I can help. ...A lot of accessories get ground with out a wire. This is called body or chassis ground. In other words, the accessories have a (+) wire going to them, and the whole rest of the car is a (-) wire. When mounting sockets and mounting bolts get dirty or corroded, you loose the ground connection. IF you run a long wire from the (-) terminal on the battery, and touch the other end to the grounding clip, nut, case, or mounting stud of a poorly functioning accessory or light....and you see the light/ accessory get brighter, THEN you have effectively "bypassed a bad ground and trouble shot your problem...........follow me?


----------



## Eric Animal (Oct 28, 2007)

I would also suggest Classic Car Wiring . Com : Home of the original color laminated car wiring diagram and getting a wiring diagram for your car.

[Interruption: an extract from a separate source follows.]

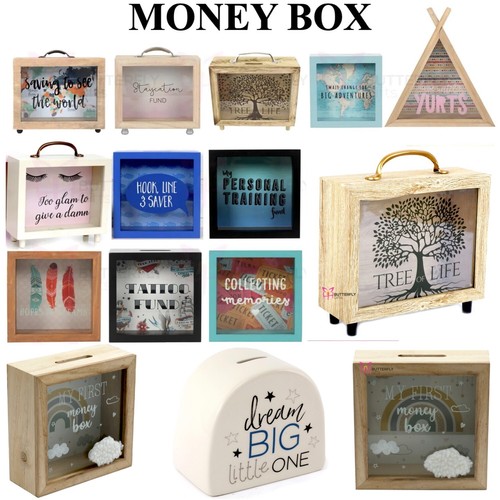Wooden glass front money box - money,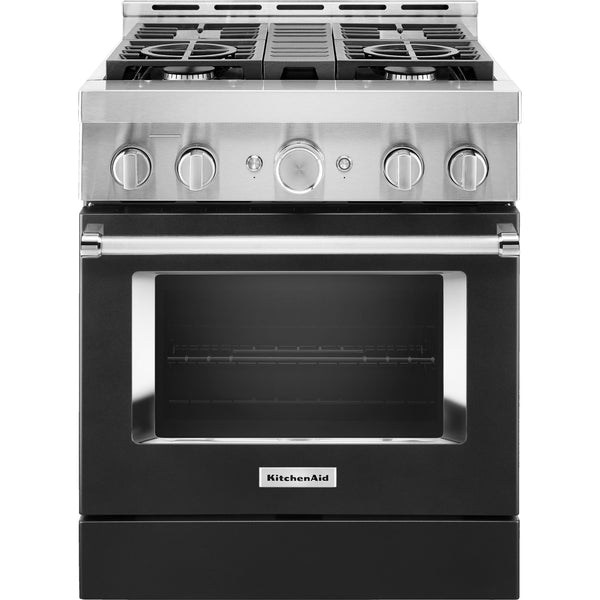 KitchenAid 30-inch Freestanding Gas Range with Even-Heat™ True Convection KFGC500JBK IMAGE 1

Well worth the 20 bucks or so.


----------



## skuzzzusmcdevildog (May 8, 2009)

thanks
you can see my car on youtube Cory Buice


----------



## BearGFR (Aug 25, 2008)

skuzzzusmcdevildog said:


> the only problem with that is i have no idea where the grounds are lol or where to start to identify em....could ya help


Howdy and welcome. Ground straps (in case you don't already know) are flat braided bare bundles of wire, about 1/4" to 1/2" wide, 4-6" long. On a 69 you should have at least two: 

One goes from a bolt on the rear of a cylinder head (usually passenger side, but either side will work) to a sheet-metal screw on the firewall.
Another, goes from a bolt on the frame rail to a sheet metal screw on one of the front inner fenders, near the "middle" of the bottom edge of the inner fender. This one's usually on the driver's side but again, either side will work.​
Another thing that not having proper gounding will cause, is on automatic cars the "body" ground will go through the transmission shifer cable, getting it hot enough to melt the cable sheath and cause the cable to start binding. Ask me how I know.... 

Also, when you connect them make sure that you clean both connection points so that the straps can make a good solid electrical connection to bare metal.


----------